Y lo es en un sentido que no podría ser más explícito. De manera igualmente transgresora, y mas allá de un apartado gráfico de relumbrón que irónicamente brilla de manera especial en su manera de trabajar la iluminación, The Phantom Pain es un juego que se preocupa muy poco de resultar creíble. Como ha sido siempre un pilar en la serie, su desprecio por la cuarta pared es absoluto, y mas allá del clásico NPC que te habla de presionar el panel táctil en mitad de una escena de alto impacto emocional, el diseño desecha cualquier tipo de concesión al realismo que no tenga un impacto positivo en la jugabilidad. Las meta referencias vuelven a sucederse de manera constante, y Kojima parece seguir disfrutando enormemente al recordarnos a cada paso que lo que tenemos entre manos no es nada más que un videojuego. Y nada menos.

Tomemos por ejemplo una de las novedades más importantes, al menos en el terreno de las entregas para sobremesa: la gestión de nuestra base y del equipo humano que la compone, ese ejército de mercenarios libres de todo estado que nos permitirá en la práctica diseñar nuevos ingenios de ocultación, ampliar nuestro arsenal o nutrir los equipos de apoyo que podremos invocar durante ciertas misiones. Una versión vitaminada de lo visto en Peace Walker, que incide en los mismos conceptos y, como todo en The Phantom Pain, los lleva un pasito más allá siempre con el precepto claro de que la verosimilitud debe ir condicionada al gameplay, y nunca al revés.
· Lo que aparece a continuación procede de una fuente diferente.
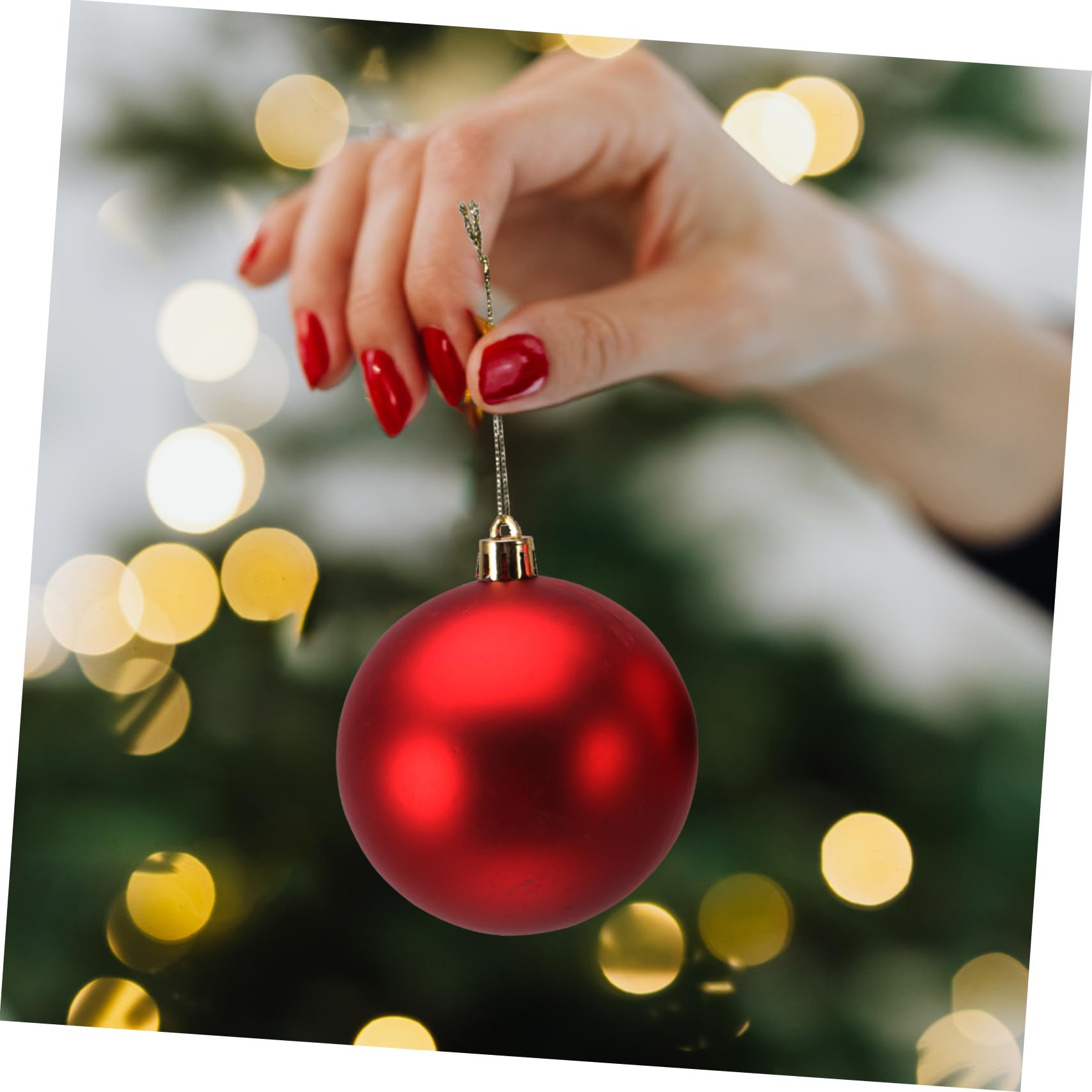 PRETYZOOM STK Weihnachtskugeln Hängende Baumkugel Christbaumschmuck Weihnachtsbaumkugeln Weihnachtsbaum Hängende Kugeln Weihnachtsdekoration Zum Aufhängen Deckendekorationen Rot Plastik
Por un lado, el juego se muestra lo suficientemente puntilloso para no subtitular los diálogos de las patrullas enemigas salvo que contemos en nuestras filas con un intérprete versado en el idioma, un detalle sutil que refuerza de un plumazo varias de sus mecánicas principales, porque recompensa la acción no letal y porque es muy complicado infiltrarse sin saber si los guardias hablan de ti o del partido. Por el otro, la manera de captar nuevos aspirantes vuelve a tirar del trazo grueso para dibujar una mecánica ante la que uno no puede sino sonreír: una incapacitación, un globo sujeto al enemigo noqueado y a volar. Una situación que podría resultar risible hasta que uno se plantea el juego de riesgo y recompensa entre rescatar a un especialista en demoliciones que hable ruso con fluidez y lo que llama la atención un señor flotando en mitad de un asentamiento enemigo a las cuatro de la tarde.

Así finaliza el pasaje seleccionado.